Il presidente della Commissione per la verità sul caso Ayotzinapa, Alejandro Encinas (sottosegretario di governo) ha detto senza mezzi termini che si è trattato di un “affronto alle indagini della Commissione”, perché “coinvolge la corruzione, l’incapacità e la parzialità del regime precedente, lasciando in libertà coloro che hanno depistato le indagini o commesso dei crimini”.
La Procura generale della Repubblica ha deciso di presentare ricorso contro l’ex procuratore generale, Jesús Murillo Karam, l’ex titolare dell’Agencia di Investigazione criminale, Tomás Zerón, e l’ex titolare titolare speciale del caso, José Aarón Carro.
Dal canto loro, i familiari dei 43 studenti hanno espresso forti critiche nei confronti della Procura generale per la eccessiva lentezza nelle indagini e per le scarcerazioni massicce degli imputati. Ma, soprattutto, hanno ribadito la richiesta di verità circa la responsabilità del comando militare durante il precedente governo Peña Nieto.
Hilda Legideño, una delle madri, ha dichiarato “È necessario indagare su chi ha fabbricato questa enorme bugia. Dobbiamo sapere cosa è successo veramente quel giorno. Perché fabbricare questa grande bugia che ha fatto così tanti danni?”
Santiago Aguirre, il legale dei familiari, ha precisato “Se non si procederà penalmente contro chi ha ostacolato le indagini e contro chi ha violato i diritti umani, non si romperà il muro di impunità che oggi impedisce di conoscere la verità”.
Il presidente, Lopez Obrador, ha ribadito il suo deciso impegno a fare piena luce sul massacro ed ha chiesto ufficialmente all’Esercito messicano di fornire alla Procura Generale tutte le informazioni del caso. Per Emiliano Navarrete, padre di uno dei 43 studenti desaparecidos di Aytozinapa “A quasi cinque anni dalla scomparsa dei nostri figli la ferita è ancora aperta. Non c’è pace nei nostri cuori, né nelle nostre famiglie”.
I 43 studenti desaparecidos di Ayotzinapa sono diventati, loro malgrado, il simbolo della violenza di Stato in Messico e sono ormai di evidenza pubblica la responsabilità del governo guidato dall’ex presidente Enrique Peña Nieto nello sviamento delle indagini, come messo nero su bianco della Commissione Nazionale dei Diritti Umani.
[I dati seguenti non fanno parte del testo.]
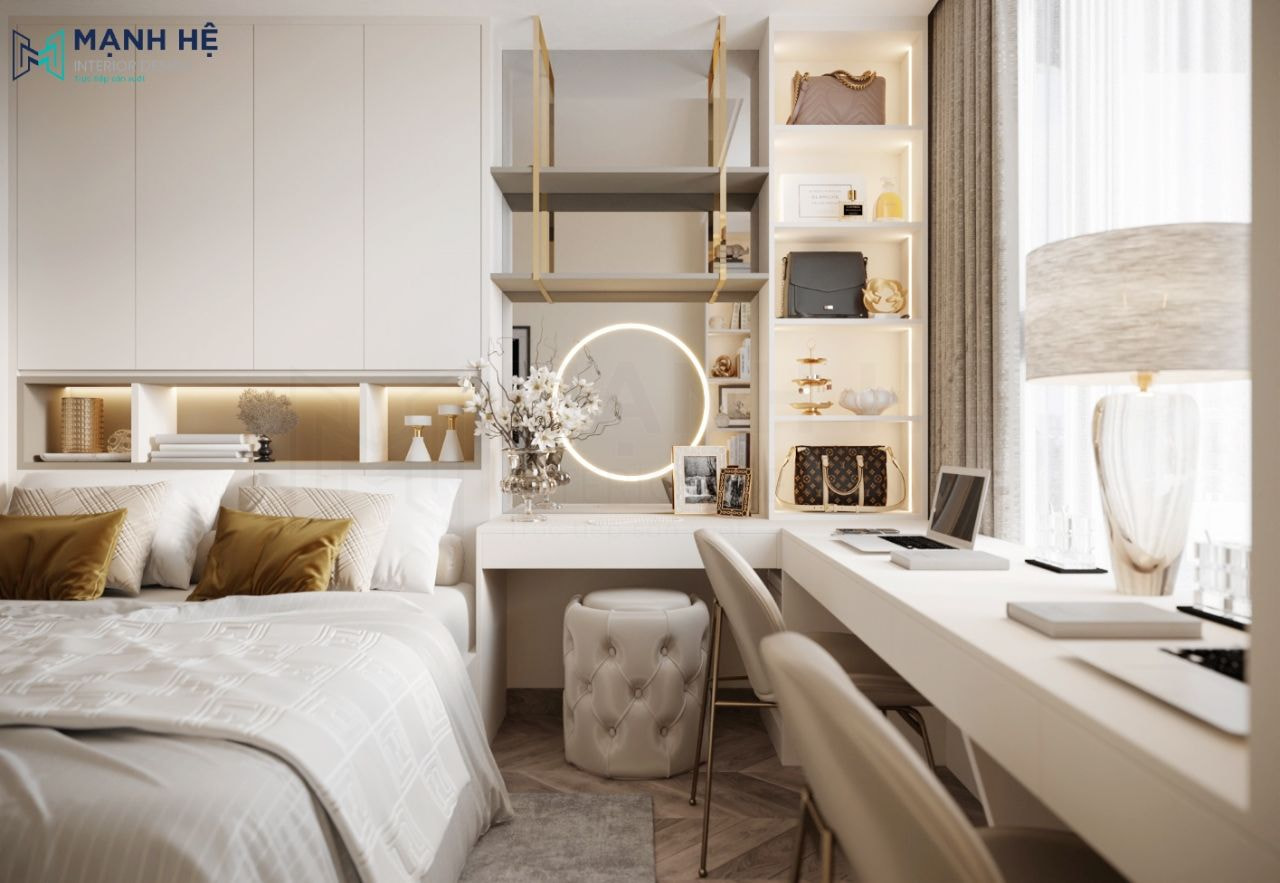 Bàn trang điểm gắn led với kệ để mỹ phẩm khung inox phía trên rất tiện nghi cho gia chủ nữ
Non sono bastati quattro anni di ostacoli, lentezze e depistaggi, a tenere in piedi quella traballante verità ufficiale che attribuiva il massacro di Ayotzinapa ai cartelli della droga. Dai fatti di Iguala in poi, nelle piazze e nelle strade del Messico, è risuonato sempre più forte lo slogan “Fue El Estado!“ (È stato lo Stato!).
Ed è cresciuta la consapevolezza generale che i sistemi di potere locali e nazionali collegati al Partito Rivoluzionario Istituzionale hanno usato la così detta “guerra alla droga” per mantenere il potere in combutta con le principali organizzazioni criminali del paese. Una guerra sporca iniziata nel 2006 e che ha fatto, fino ad oggi, 200.000 morti e 40.000 desaparecidos.